S., by an assignment absolute in form and for an expressed sum and "other valuable considerations," assigned to G. an interest in letters patent. G., by a writing executed the following day, made a further agreement with S. as to times and modes and amounts of payments, and further agreed that if he should fail to carry out his said agreements, the title
was to revert to S.. Held that the transfer was absolute, subject to be defeated by failure to perform the condition subsequent.
When an invention patented in a foreign country is also patented in the United States, articles containing it cannot be imported into the United States from the foreign country and sold here without the license or consent of the owner of the United States patent, although purchased in the foreign country from a person authorized to sell them.
To a master's report upon the damages to be awarded in an equity suit for the infringement of letters patent, the exceptions raised the points: (1) that the infringement was not willful; (2) that the reduction in price of the article manufactured by the plaintiff was not solely due to the infringement. Held that this was sufficient to bring before the court the whole subject of the computation of damages.
When a plaintiff in a suit for the infringement of letters patent seeks to recover because he has been compelled to lower his prices in order to compete with the infringing defendant, he must either show that the reduction was due solely to the defendant's acts or to what extent it was due to them, and must furnish data by which actual damages may be calculated.
In equity. The case is stated in the opinion.
MR. CHIEF JUSTICE FULLER delivered the opinion of the Court.
Albert Graeff and J. F. Donnell filed their bill in the Circuit Court of the United States for the Northern District of California against Emile Boesch and Martin Bauer, to recover for infringement of letters patent No. 289,571, for an improvement in lamp-burners, granted on December 4, 1883, to Carl Schwintzer and Wilhelm Graeff, of Berlin, Germany, assignors of one-half to J. F. Donnell & Co., of New York, all rights being averred to be now vested in the complainants. Claim 1, alleged to have been infringed, reads as follows:
"In a lamp-burner of the class described, the combination, with the guide tubes, of a ring-shaped cap provided with openings for the wicks, said cap being applied to the upper ends of the guide tubes, so as to close the intermediate spaces between the same, substantially as set forth. "

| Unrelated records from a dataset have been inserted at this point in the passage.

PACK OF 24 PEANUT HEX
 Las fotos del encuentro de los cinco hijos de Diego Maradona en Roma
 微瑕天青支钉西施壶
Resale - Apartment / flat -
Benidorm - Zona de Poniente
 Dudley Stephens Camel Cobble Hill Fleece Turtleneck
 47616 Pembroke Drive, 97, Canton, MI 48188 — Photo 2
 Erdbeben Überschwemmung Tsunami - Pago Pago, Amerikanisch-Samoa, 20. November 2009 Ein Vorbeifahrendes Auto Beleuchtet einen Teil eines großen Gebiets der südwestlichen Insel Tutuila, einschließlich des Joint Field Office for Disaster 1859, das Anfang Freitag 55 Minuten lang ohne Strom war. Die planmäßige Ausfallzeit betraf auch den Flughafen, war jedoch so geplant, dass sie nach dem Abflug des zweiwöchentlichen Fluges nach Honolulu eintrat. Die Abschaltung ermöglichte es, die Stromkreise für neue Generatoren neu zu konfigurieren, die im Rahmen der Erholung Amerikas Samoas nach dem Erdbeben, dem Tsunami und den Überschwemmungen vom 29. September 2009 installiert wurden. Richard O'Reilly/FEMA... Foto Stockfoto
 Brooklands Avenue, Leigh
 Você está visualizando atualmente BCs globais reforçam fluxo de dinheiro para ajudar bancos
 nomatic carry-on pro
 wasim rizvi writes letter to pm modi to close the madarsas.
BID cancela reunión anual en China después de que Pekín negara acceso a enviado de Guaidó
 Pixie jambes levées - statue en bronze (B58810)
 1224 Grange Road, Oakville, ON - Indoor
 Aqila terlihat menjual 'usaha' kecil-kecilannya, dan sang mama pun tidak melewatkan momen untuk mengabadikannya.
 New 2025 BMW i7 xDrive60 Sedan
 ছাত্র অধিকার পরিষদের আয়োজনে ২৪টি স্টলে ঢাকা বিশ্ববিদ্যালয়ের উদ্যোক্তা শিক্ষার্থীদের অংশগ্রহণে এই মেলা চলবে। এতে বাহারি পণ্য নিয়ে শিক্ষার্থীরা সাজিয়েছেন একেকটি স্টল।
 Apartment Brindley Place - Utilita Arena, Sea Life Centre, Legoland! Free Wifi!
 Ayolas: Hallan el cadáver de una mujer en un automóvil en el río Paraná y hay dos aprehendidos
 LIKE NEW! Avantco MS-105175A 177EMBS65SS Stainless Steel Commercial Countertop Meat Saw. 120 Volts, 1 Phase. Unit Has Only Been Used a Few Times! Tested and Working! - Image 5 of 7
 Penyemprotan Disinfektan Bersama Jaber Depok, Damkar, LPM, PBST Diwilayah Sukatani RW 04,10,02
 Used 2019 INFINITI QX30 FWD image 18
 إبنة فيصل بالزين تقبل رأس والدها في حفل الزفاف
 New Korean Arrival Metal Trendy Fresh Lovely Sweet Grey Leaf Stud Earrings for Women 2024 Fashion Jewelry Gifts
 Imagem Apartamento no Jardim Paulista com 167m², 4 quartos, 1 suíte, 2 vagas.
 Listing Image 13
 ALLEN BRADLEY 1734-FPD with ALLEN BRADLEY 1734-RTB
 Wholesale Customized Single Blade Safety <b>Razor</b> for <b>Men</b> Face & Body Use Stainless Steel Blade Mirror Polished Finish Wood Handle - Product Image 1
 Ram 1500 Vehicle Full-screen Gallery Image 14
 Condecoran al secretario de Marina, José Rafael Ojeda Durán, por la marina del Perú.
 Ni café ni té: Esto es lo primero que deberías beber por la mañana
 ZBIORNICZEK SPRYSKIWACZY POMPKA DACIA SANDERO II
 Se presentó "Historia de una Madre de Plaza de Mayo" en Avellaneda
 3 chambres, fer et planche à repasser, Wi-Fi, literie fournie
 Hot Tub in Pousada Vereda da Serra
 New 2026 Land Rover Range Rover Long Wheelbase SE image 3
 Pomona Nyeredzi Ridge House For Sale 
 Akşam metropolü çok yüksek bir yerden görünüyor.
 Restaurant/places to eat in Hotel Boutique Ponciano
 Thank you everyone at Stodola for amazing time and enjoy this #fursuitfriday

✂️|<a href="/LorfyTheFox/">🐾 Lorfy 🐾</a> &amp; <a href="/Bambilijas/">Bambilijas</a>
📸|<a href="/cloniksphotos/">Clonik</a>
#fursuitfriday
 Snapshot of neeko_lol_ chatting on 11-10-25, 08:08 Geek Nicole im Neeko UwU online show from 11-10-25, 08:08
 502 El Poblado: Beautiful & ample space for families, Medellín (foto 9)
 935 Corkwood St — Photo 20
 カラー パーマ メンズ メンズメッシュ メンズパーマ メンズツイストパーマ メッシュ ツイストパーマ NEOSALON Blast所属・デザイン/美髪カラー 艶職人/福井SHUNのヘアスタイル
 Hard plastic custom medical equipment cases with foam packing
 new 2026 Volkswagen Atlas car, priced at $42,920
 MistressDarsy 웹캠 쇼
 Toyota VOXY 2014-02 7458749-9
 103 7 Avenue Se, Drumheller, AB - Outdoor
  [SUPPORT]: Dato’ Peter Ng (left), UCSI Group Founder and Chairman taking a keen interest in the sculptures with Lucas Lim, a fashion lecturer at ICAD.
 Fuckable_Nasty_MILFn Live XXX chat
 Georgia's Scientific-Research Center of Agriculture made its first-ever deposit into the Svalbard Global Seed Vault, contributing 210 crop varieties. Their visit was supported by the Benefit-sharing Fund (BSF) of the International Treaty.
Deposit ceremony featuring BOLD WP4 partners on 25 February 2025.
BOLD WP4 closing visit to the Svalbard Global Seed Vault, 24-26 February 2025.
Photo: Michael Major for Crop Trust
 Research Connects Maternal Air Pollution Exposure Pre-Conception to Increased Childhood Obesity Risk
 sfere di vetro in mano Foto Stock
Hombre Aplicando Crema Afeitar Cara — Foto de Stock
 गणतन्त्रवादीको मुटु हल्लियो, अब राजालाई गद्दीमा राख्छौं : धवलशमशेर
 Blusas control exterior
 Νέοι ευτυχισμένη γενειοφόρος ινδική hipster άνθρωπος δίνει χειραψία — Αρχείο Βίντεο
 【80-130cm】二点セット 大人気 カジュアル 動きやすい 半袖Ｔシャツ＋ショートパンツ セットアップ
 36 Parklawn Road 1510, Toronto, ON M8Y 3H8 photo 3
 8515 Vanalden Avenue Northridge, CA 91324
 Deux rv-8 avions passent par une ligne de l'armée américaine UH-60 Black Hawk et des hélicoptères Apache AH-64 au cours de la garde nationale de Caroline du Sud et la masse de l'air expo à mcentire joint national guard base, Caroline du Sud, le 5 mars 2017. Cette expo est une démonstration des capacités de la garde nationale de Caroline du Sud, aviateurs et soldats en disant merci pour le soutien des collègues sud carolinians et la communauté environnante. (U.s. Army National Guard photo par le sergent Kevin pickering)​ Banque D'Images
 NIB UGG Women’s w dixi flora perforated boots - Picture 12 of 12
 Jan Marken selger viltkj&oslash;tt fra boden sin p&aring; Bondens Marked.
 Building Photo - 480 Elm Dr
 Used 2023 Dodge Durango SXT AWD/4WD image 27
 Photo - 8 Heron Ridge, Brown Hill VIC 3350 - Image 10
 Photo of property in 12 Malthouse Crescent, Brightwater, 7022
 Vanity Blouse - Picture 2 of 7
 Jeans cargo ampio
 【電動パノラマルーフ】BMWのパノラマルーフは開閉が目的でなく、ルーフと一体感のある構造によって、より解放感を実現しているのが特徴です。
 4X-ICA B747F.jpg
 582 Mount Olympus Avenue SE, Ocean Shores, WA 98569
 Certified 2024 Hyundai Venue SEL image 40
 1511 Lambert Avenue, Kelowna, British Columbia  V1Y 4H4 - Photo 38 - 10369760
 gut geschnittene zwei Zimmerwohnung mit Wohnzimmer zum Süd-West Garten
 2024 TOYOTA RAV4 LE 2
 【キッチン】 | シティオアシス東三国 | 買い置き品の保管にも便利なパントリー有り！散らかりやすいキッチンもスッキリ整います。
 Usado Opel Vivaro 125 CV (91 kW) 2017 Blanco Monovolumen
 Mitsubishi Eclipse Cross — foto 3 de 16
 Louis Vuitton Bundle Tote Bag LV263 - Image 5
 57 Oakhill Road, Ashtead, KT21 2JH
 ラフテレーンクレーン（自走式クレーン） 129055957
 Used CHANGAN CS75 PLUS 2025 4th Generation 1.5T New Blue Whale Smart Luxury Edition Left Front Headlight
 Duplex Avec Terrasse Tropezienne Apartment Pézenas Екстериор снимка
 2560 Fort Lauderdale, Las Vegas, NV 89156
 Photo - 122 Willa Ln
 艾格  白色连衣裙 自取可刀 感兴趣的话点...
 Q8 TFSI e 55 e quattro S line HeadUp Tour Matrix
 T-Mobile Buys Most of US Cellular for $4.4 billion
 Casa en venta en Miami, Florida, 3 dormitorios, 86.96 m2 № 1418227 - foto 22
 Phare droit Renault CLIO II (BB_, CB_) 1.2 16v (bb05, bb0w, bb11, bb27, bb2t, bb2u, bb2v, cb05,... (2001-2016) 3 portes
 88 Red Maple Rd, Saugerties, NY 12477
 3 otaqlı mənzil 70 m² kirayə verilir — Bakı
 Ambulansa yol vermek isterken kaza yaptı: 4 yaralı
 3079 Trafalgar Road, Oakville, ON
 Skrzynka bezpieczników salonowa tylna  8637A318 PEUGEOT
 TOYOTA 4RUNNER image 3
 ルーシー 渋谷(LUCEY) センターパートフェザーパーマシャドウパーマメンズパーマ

The patent was granted December 4, 1883, but prior to that, November 14, 1879, January 13, 1880, and March 26, 1880, letters patent had been granted to Carl Schwintzer and Whilhelm Graeff by the government of Germany for the same invention. After a hearing on the merits, an interlocutory decree was entered, finding an infringement and referring the case to a master for an accounting. The opinion will be found reported in 33 F. 279. A petition for a rehearing was filed and overruled. The case then went to the master, who reported that the infringement was willful, wanton, and persistent; that the appellees had sustained damages to the extent of $2,970.50, and that they waived all claims to the profits realized by the infringement. Exceptions were filed to this report and overruled, and a final decree entered in favor of Graeff and Donnell for $2,970.50, with interest, and costs, from which decree this appeal has been prosecuted.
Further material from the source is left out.